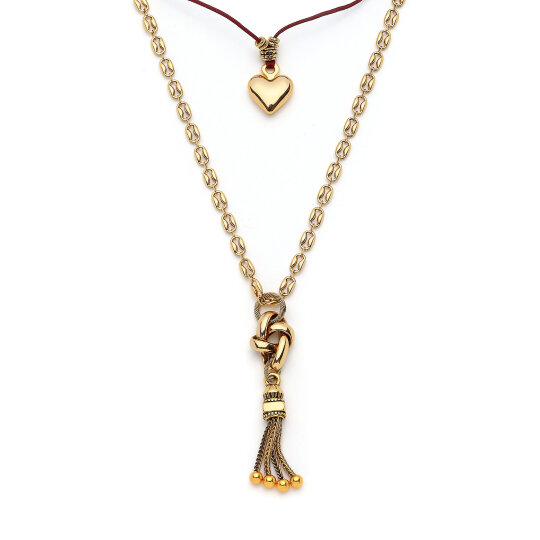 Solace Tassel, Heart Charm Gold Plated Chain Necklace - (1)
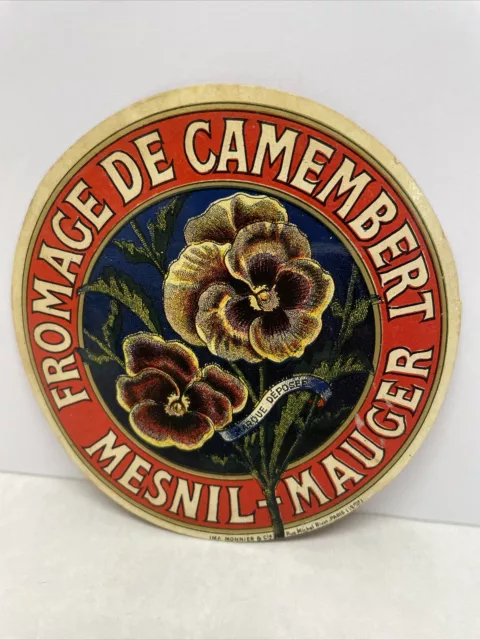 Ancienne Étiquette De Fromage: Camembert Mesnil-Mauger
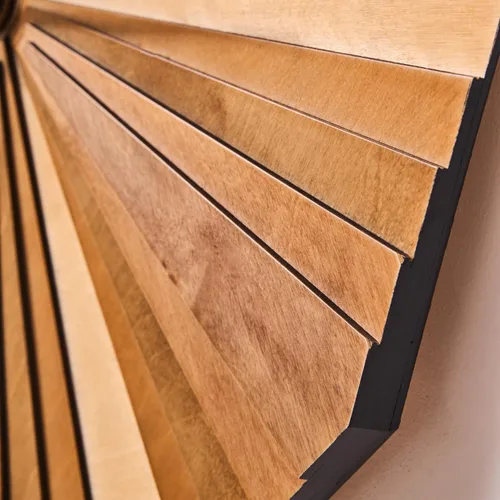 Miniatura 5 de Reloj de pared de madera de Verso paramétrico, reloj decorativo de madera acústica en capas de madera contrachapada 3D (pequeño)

==

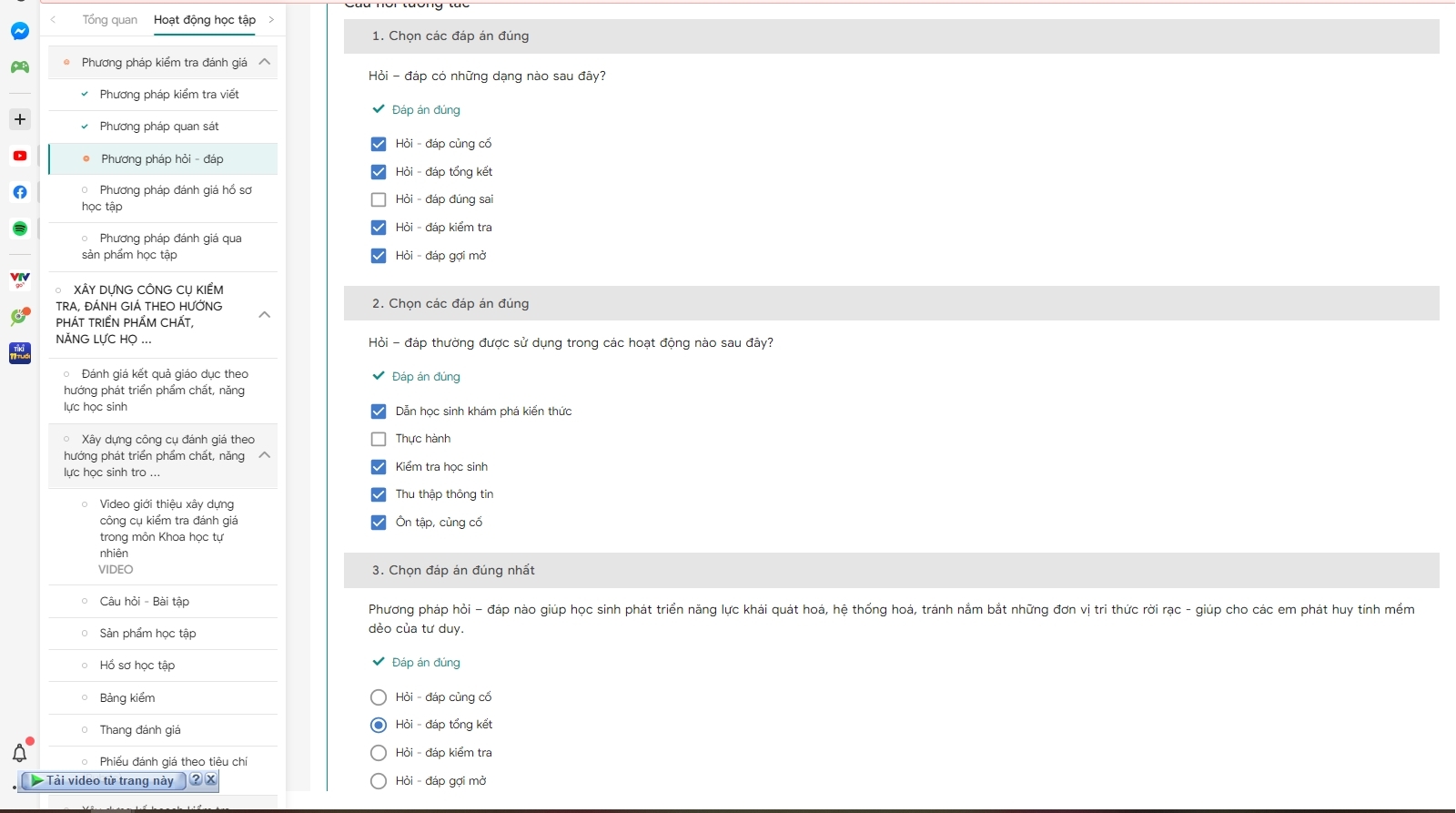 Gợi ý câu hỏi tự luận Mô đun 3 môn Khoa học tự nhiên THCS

---

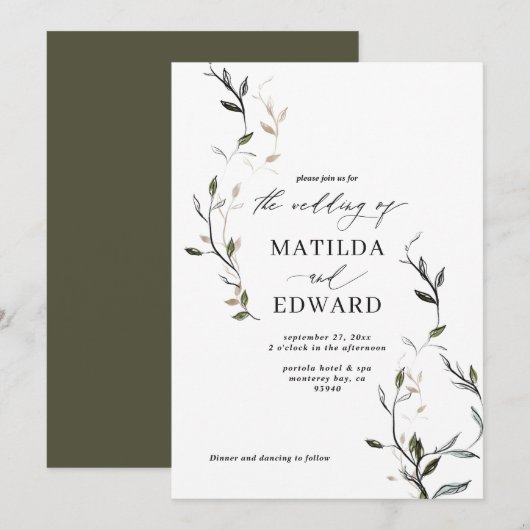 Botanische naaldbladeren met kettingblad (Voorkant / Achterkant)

- **TASK OBJECTIVE**
Using the material above, transcribe exactly the lines from the one holding "Ancienne Étiquette De" to the one holding "Miniatura 5 de", both ends kept. Do not carry over any pictures.

- **WRITTEN RESPONSE**
 Ancienne Étiquette De Fromage: Camembert Mesnil-Mauger
 Miniatura 5 de Reloj de pared de madera de Verso paramétrico, reloj decorativo de madera acústica en capas de madera contrachapada 3D (pequeño)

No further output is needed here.